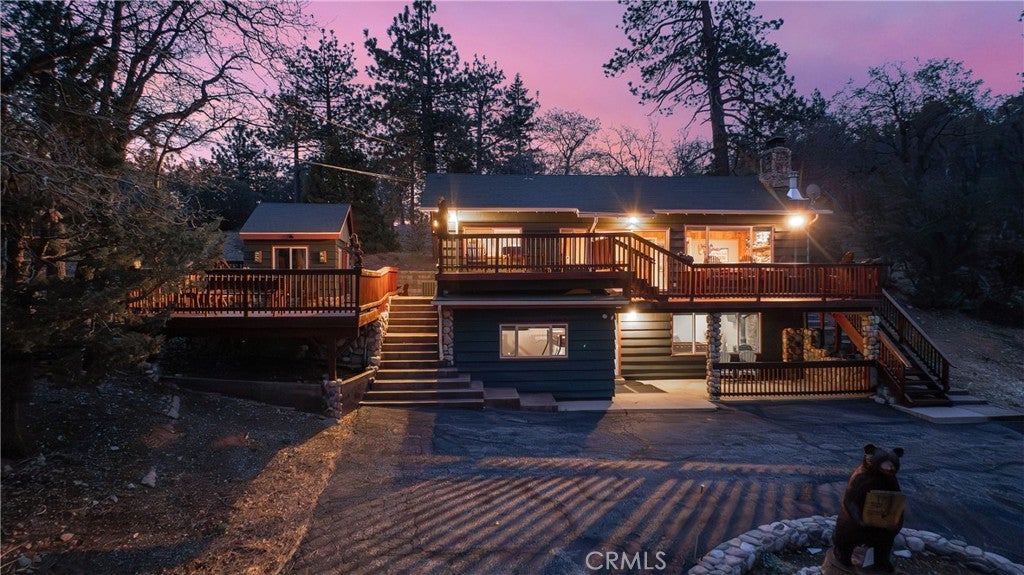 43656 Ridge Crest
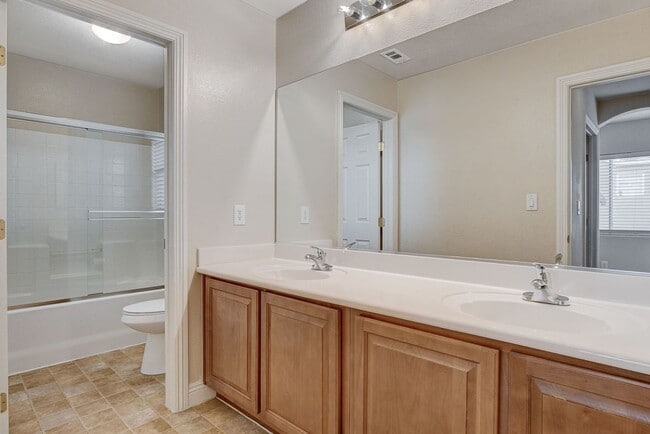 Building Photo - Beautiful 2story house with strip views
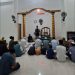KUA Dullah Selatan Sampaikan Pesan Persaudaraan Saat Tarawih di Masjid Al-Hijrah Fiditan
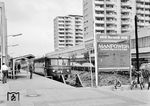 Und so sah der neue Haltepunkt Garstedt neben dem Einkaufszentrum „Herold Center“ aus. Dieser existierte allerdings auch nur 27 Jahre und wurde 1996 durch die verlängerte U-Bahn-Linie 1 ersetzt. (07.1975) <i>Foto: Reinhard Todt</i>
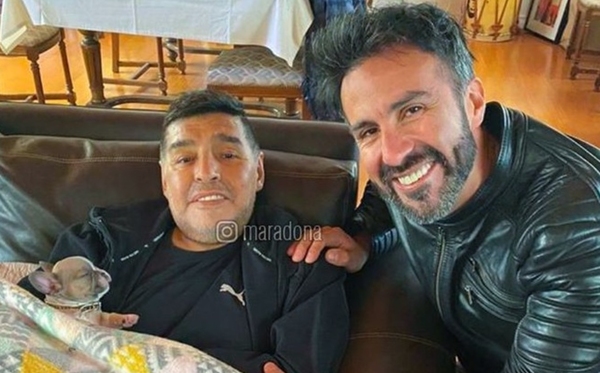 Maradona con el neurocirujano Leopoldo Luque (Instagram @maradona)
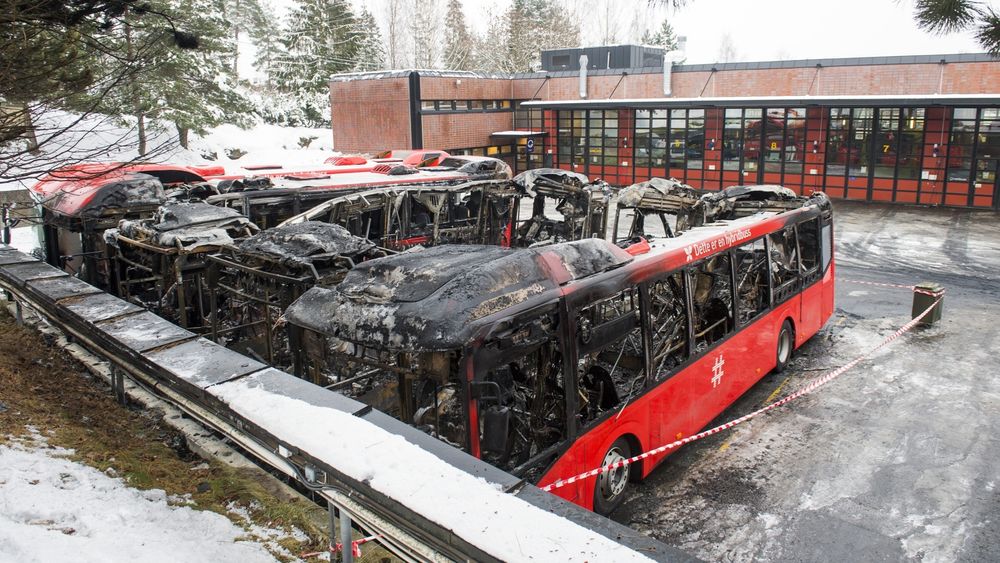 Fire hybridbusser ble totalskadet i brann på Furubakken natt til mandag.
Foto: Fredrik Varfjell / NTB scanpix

* * *

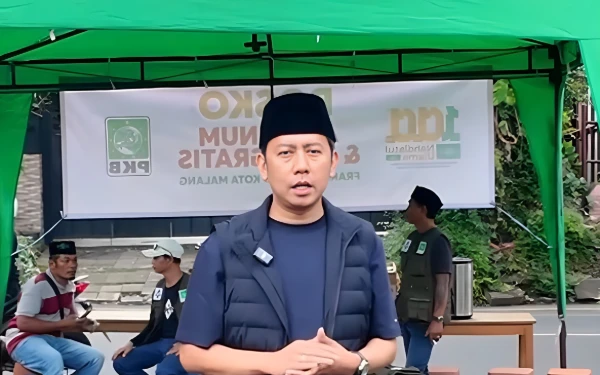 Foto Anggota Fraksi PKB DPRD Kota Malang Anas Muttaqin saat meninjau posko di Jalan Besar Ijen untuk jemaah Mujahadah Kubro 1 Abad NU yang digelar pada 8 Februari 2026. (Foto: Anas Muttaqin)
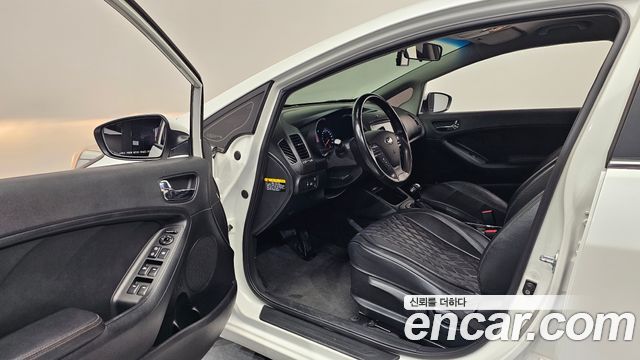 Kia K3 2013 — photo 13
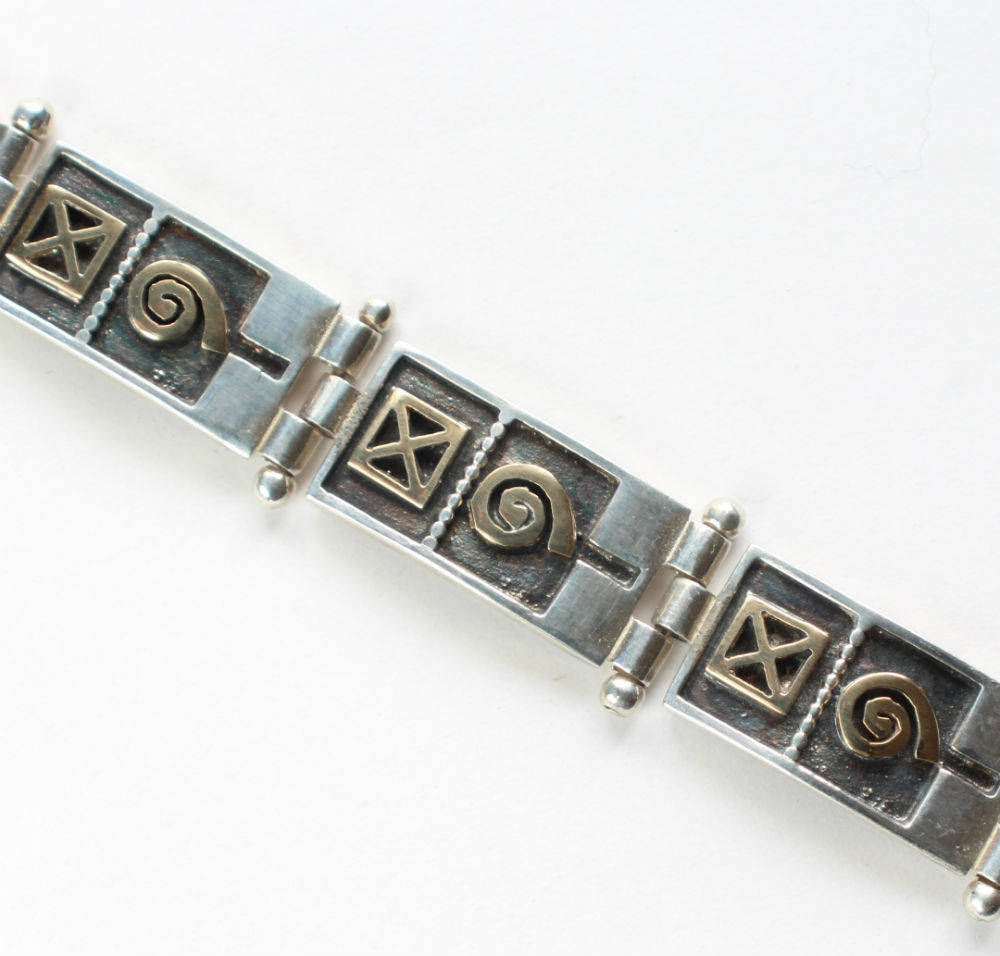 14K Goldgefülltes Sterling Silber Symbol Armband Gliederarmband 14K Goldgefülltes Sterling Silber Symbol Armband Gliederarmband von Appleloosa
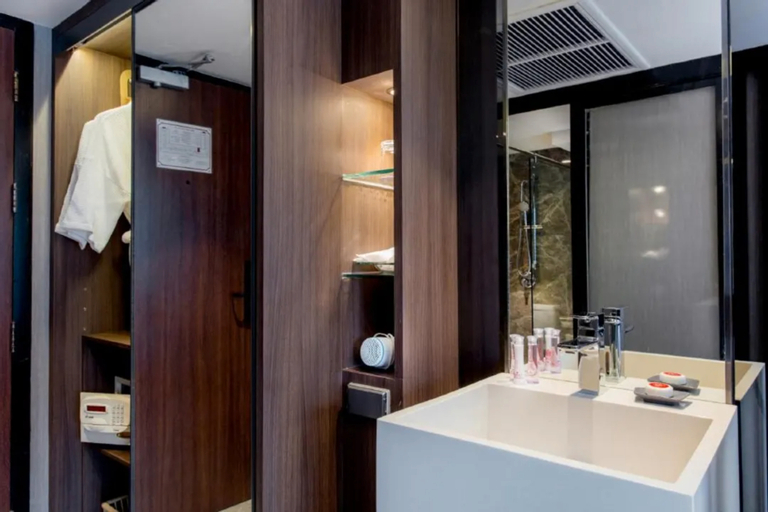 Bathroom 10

...

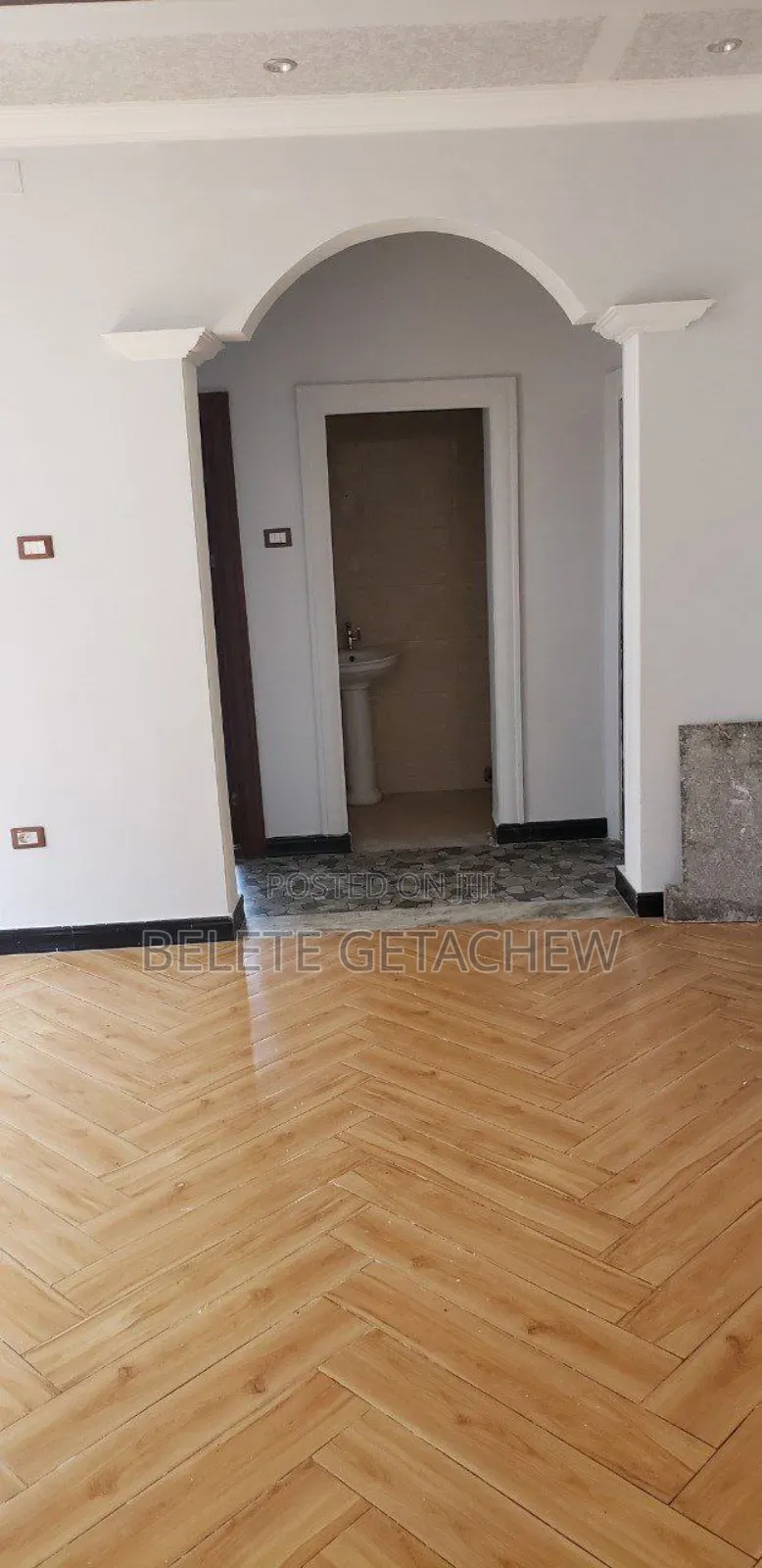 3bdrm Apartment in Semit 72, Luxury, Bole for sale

The task:
What you need to produce is an exact copy of the entries above, limited to the lines from the one with "KUA Dullah Selatan" up to and including the one with "Maradona con el", without pictures.

Solution to this problem:
KUA Dullah Selatan Sampaikan Pesan Persaudaraan Saat Tarawih di Masjid Al-Hijrah Fiditan
 Und so sah der neue Haltepunkt Garstedt neben dem Einkaufszentrum „Herold Center“ aus. Dieser existierte allerdings auch nur 27 Jahre und wurde 1996 durch die verlängerte U-Bahn-Linie 1 ersetzt. (07.1975) <i>Foto: Reinhard Todt</i>
 Maradona con el neurocirujano Leopoldo Luque (Instagram @maradona)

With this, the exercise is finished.